Exercise brief: Would you copy out exactly the lines of the listing below, beginning with the one that contains "20Pcs Premium Professional" and ending with the last?

Given data:
◆ ◆ ◆ ◆
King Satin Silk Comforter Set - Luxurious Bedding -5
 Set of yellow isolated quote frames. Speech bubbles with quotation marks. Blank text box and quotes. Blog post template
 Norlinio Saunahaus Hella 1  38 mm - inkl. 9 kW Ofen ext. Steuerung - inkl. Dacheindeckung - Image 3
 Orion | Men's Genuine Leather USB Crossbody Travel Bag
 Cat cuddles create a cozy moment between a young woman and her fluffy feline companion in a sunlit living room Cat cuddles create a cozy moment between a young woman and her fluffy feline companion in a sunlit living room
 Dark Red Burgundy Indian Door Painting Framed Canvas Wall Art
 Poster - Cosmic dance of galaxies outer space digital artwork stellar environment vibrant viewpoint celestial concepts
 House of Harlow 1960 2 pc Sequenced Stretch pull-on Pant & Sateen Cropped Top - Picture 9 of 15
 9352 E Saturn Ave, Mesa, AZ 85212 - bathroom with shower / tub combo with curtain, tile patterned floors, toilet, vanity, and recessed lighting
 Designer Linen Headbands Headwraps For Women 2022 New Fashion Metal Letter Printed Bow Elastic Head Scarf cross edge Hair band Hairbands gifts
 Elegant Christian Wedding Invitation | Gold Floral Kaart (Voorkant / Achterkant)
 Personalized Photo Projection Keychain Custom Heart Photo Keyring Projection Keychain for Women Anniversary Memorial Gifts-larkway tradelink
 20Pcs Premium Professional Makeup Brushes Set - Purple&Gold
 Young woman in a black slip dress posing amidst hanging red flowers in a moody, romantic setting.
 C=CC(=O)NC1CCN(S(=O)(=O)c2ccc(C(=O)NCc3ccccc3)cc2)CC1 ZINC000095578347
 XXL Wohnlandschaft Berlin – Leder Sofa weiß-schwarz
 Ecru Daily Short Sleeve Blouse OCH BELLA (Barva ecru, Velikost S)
◆ ◆ ◆ ◆
Task result:
 20Pcs Premium Professional Makeup Brushes Set - Purple&Gold
 Young woman in a black slip dress posing amidst hanging red flowers in a moody, romantic setting.
 C=CC(=O)NC1CCN(S(=O)(=O)c2ccc(C(=O)NCc3ccccc3)cc2)CC1 ZINC000095578347
 XXL Wohnlandschaft Berlin – Leder Sofa weiß-schwarz
 Ecru Daily Short Sleeve Blouse OCH BELLA (Barva ecru, Velikost S)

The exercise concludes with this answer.